Koch and Inverted Koch Snowflakes: 6 iterations

Below are demonstrations of constructing the Koch Snowflake and the Inverted Koch Snowflake. To make the Koch snowflake you start with an equilateral triangle. In the first iteration you add equilateral triangles for each of the sides. These added triangles have sides of length 1/3 the length of the original triangle, and they are centered on the sides of the original triangle. Then do the same thing for all the new triangles, and keep doing this until you run out of time. In the limit you end up with a geometric figure which has infinite perimeter and finite area.

The Inverted Koch Snowflake is just like the regular Koch Snowflake except that you subtract triangles from the original triangle. Below are images of 6 iterations building the inverted and regular Koch Snowflakes alongside each other.

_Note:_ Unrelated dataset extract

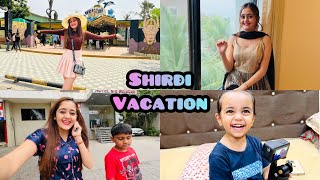 Finally Picnic to Shirdi Water park start Bindass Kavya Ka Family Vaccation Trip To shirdi Sai baba [upl. by Ingrid]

Koch Snowflake                                 Inverted Koch Snowflake

From inspection of the pictures and reflection upon the algorithms you can see that the area being added to the Koch snowflake is the same amount of area that is being subtracted from the inverted Koch snowflake. You may also be able to convince yourself that at any iteration the Koch and inverted Koch should have the same perimeter. I mentioned that the Koch snowflake has a finite area. There are well known proofs involving the sum of an infinite series that demonstrate this. I like Salmon Kahn's demonstration.

These pictures suggest an alternate way of establishing a finite area for the Koch snowflake using geometric facts and the principle of induction. We won't get an exact figure for the area but we can bound it between one and two times the size of the area of the original triangle. The idea goes as follows:


Since the area added to the Koch is the same as the area being removed from the inverted Koch, and the triangles which both algorithms begin with are the same, if we always have room in the inverted Koch to remove what we need, then the Koch will never grow to be twice it's original area.

Here is how we can prove the if in previous statement, that we always have room in the inverted Koch snowflake to remove what we need.


First, let's show that a 30, 30, 120 triangle has room to remove an equilateral triangle a third the length of the longest side and centered at the middle. I'll call such a removal a 30, 30, 120 equilateral triangle removal procedure. That's as easy as a picture.

Base Step of Induction

Now we can show that on the first iteration ot the inverted Koch we can express our removal algorithm as a collection of nonoverlapping 30, 30, 120 equilateral triangle removal procedures. The grey lines show the 30, 30, 120 triangles I was mentioning. Since these triangles don't overlap and we are removing from their interiors we can't remove from the interior of another of the 30, 30, 120 triangles. So, we have room.


Okay, now suppose that at the k-th iteration we can express the removal algorithm as a collection of nonoverlapping 30, 30, 120 equilateral triangle removal procedures. We just have to show that at the (k+1)th iteration we can do the same and we'll always have room for removal.

Since the 30, 30, 120 triangles at the k-th iteration are assumed to be non-overlapping, if we show the case for one of the 30, 30, 120 triangles then we are done.

In the picture below a 30, 30, 120 triangle is depicted by thick black lines. The removal sides in question for the (k+1)th iteration are depicted by purple lines. The thin black lines show how to make the removal problem into a problem of nonoverlapping 30, 30, 120 equilateral removal procedures. So, we'll always have room to remove from the inverted Koch by its process.


Since the Koch snowflake is symmetrical in the algorithm for its three original sides, if we add the production of perimeter for one side together for infinity it will diverge as well as the other two. Since the algorithm is the same for the smaller sides that are produced, because of the recursive nature of the algorithm, then these ostensibly smaller sides must diverge as well. So in the limit any portion of the Koch snowflake, however small, must have infinite length.